[Task instructions]:
Exclude the pictures and reproduce exactly the lines that run from the one holding "Мы где-то это" to the end of the entries below.

Image-caption web data
========
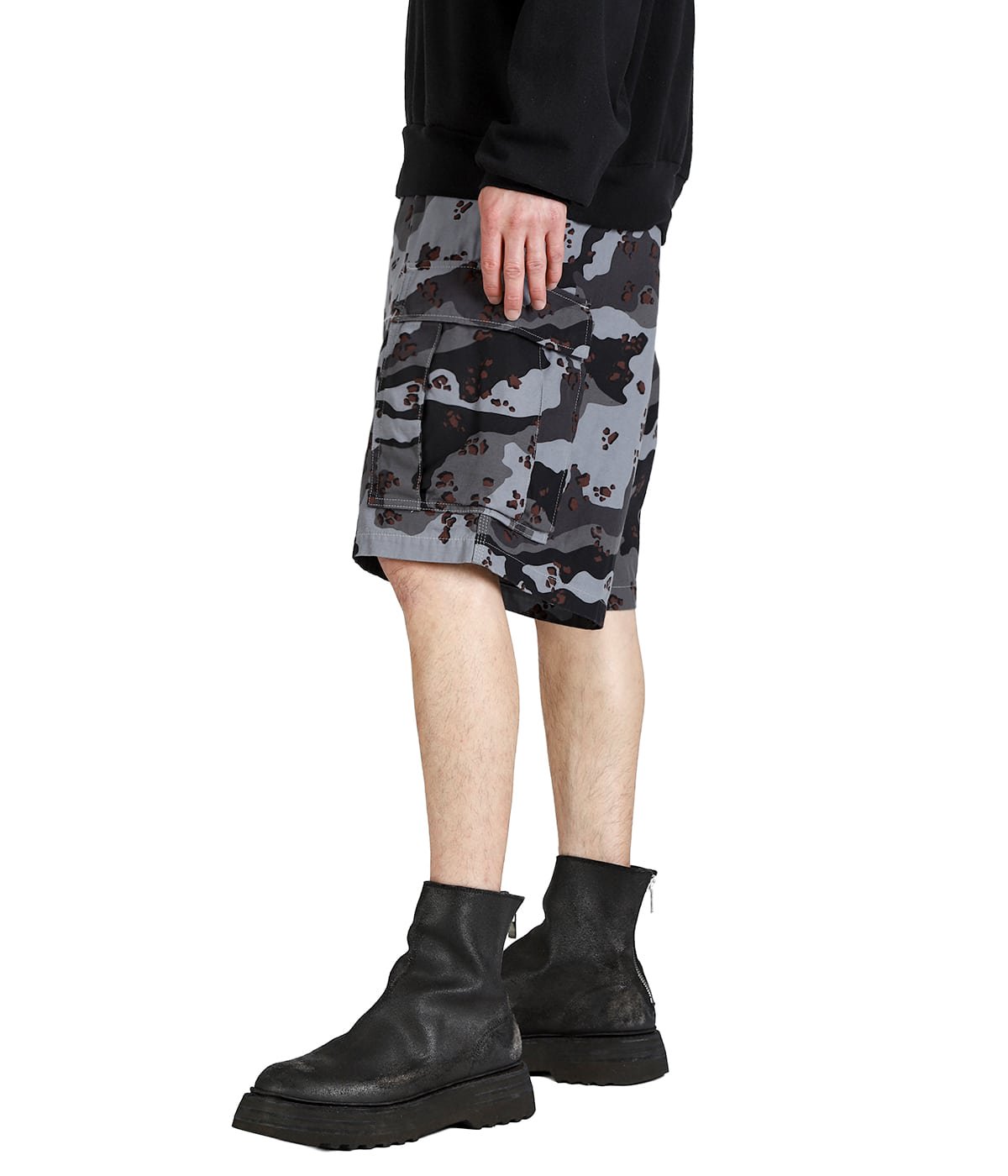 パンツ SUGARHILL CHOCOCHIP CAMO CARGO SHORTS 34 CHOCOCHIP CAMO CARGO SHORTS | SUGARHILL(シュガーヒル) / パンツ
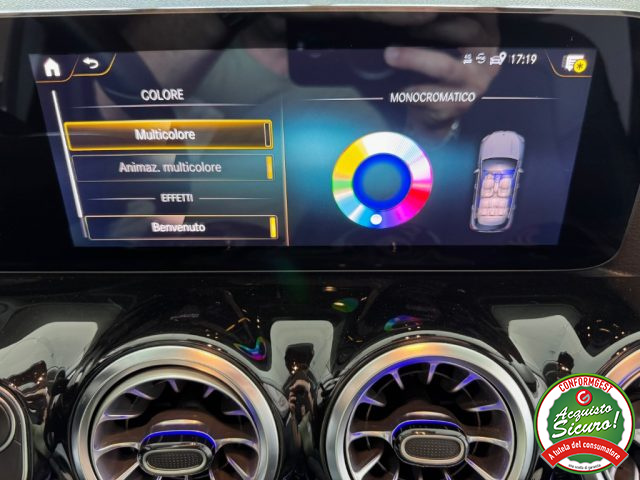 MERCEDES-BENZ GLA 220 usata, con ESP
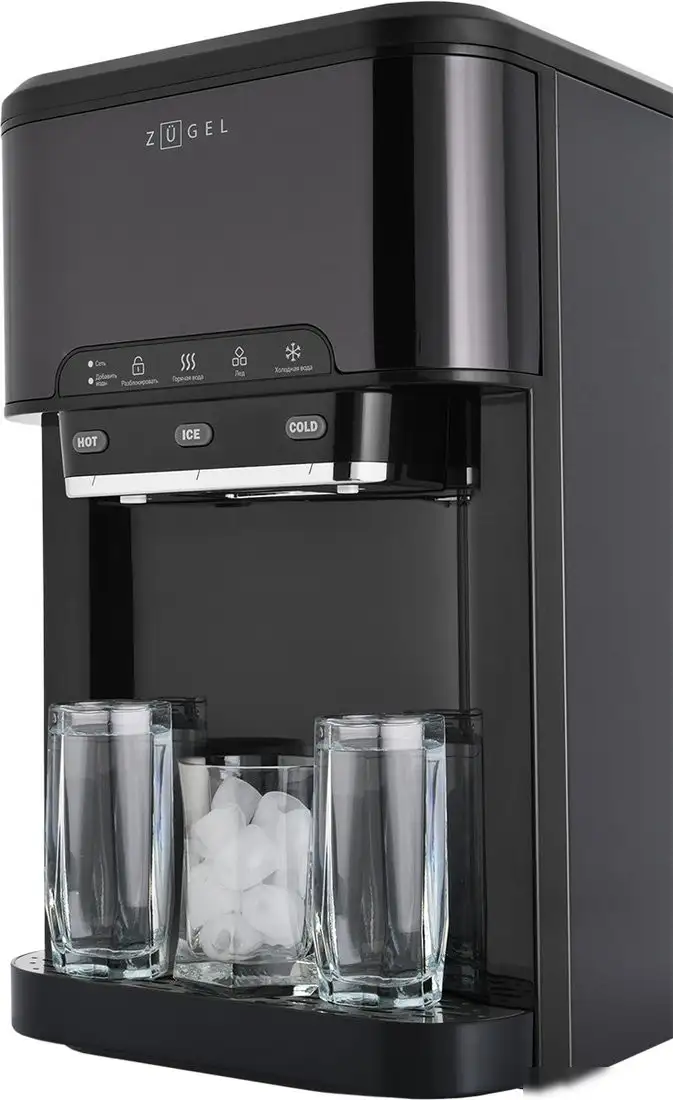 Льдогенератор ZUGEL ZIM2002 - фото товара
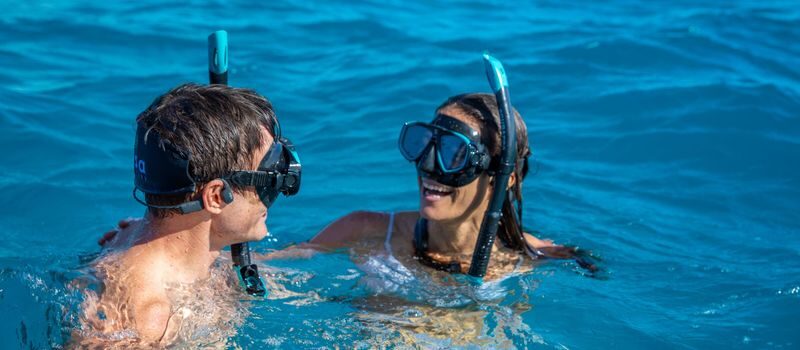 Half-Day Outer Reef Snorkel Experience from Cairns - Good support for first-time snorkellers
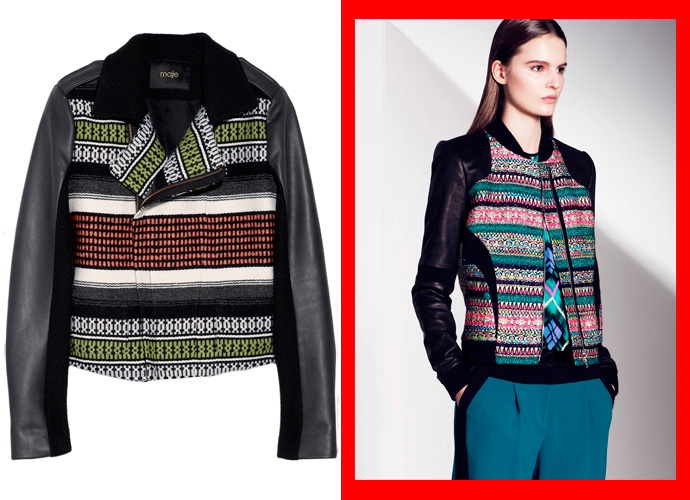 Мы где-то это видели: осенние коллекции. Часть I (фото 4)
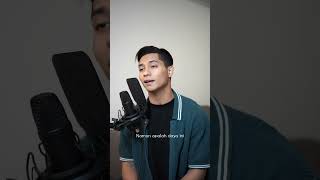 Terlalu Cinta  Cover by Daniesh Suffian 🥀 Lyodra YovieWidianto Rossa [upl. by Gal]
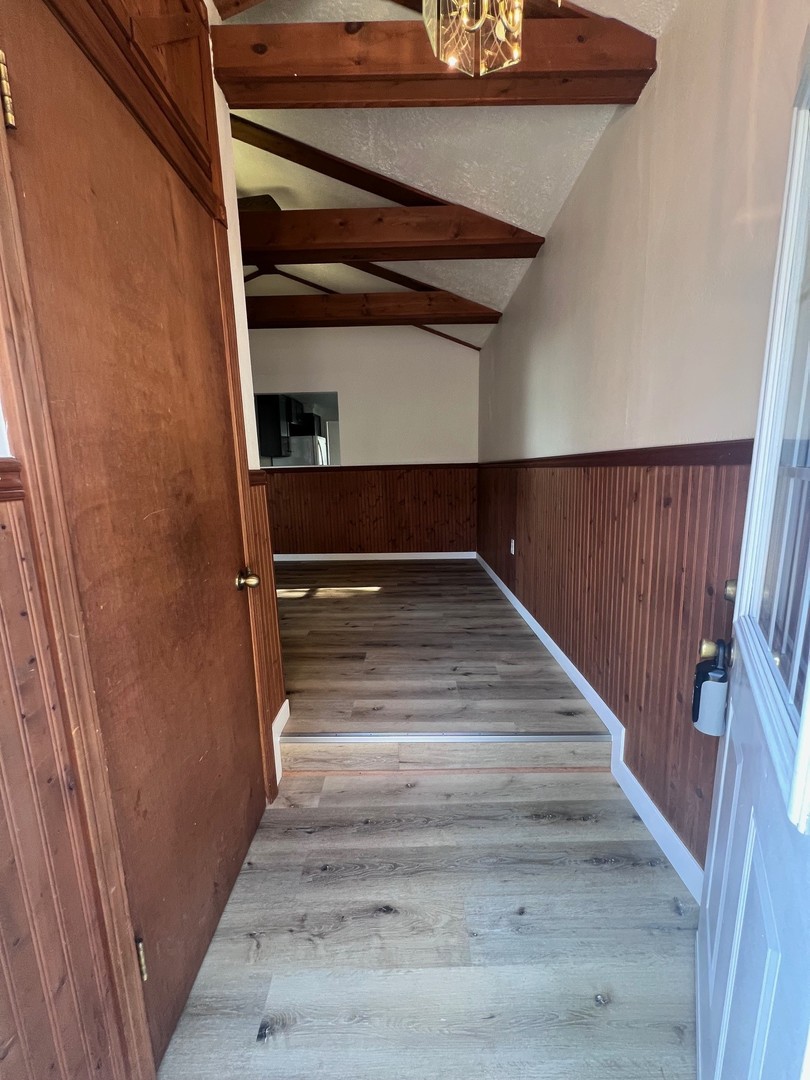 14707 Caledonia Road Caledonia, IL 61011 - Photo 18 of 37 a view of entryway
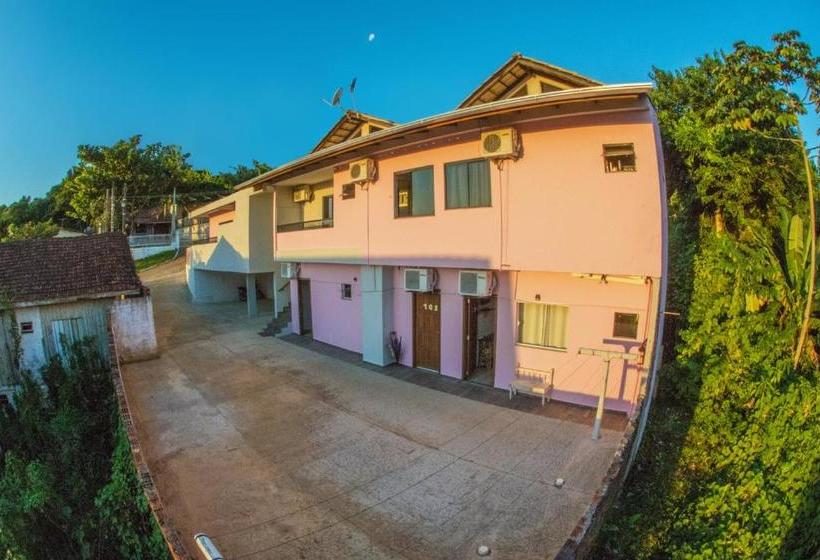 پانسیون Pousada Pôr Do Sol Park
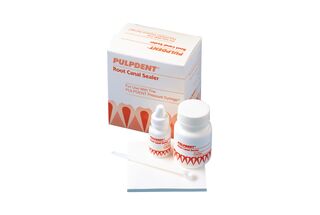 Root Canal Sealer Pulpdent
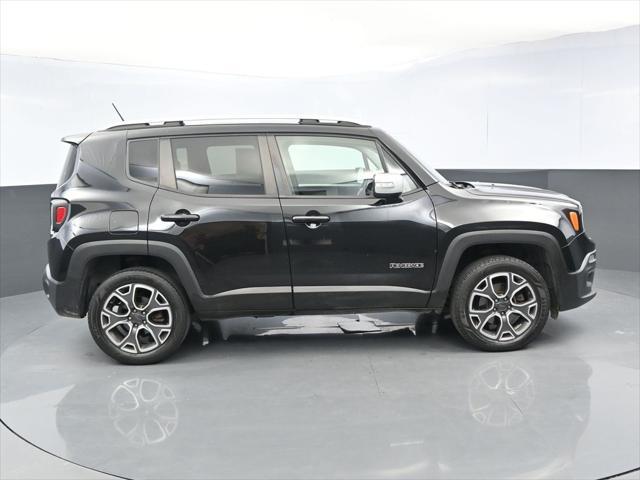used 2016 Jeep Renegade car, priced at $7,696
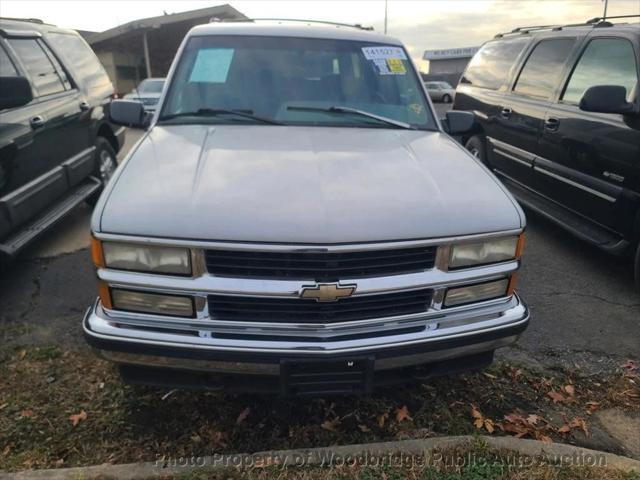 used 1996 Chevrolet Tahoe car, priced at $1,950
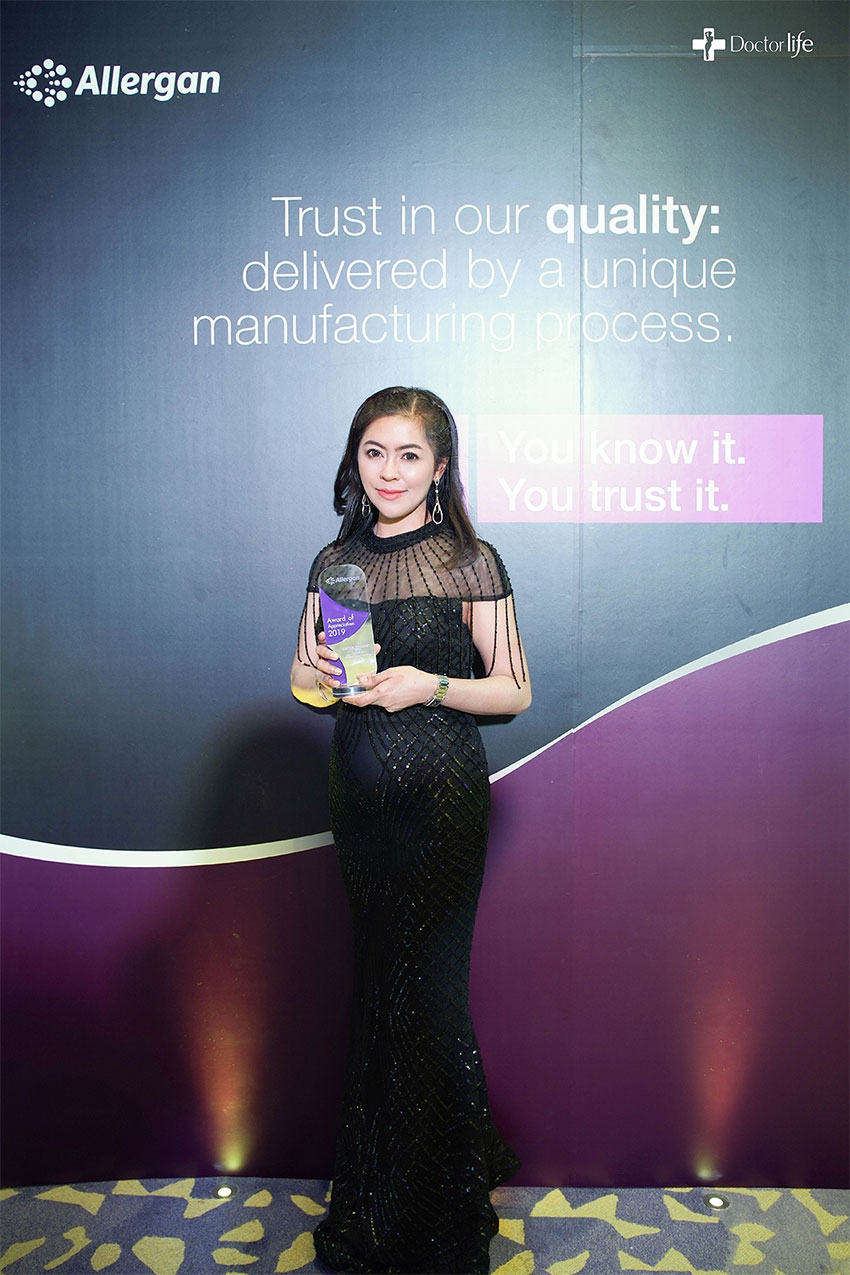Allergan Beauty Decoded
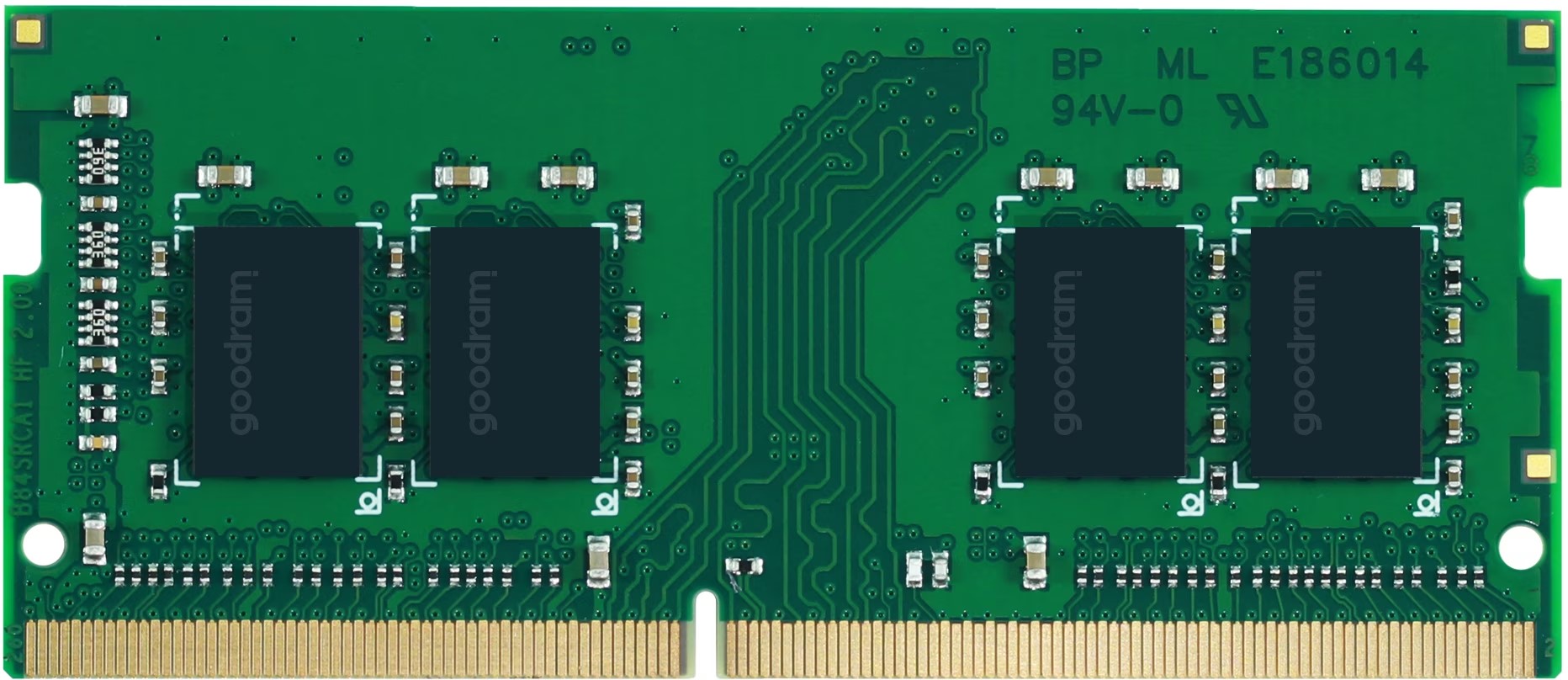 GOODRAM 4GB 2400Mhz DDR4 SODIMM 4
========
[Response]:
 Мы где-то это видели: осенние коллекции. Часть I (фото 4)
 Terlalu Cinta  Cover by Daniesh Suffian 🥀 Lyodra YovieWidianto Rossa [upl. by Gal]
 14707 Caledonia Road Caledonia, IL 61011 - Photo 18 of 37 a view of entryway
 پانسیون Pousada Pôr Do Sol Park
 Root Canal Sealer Pulpdent
used 2016 Jeep Renegade car, priced at $7,696
 used 1996 Chevrolet Tahoe car, priced at $1,950
Allergan Beauty Decoded
 GOODRAM 4GB 2400Mhz DDR4 SODIMM 4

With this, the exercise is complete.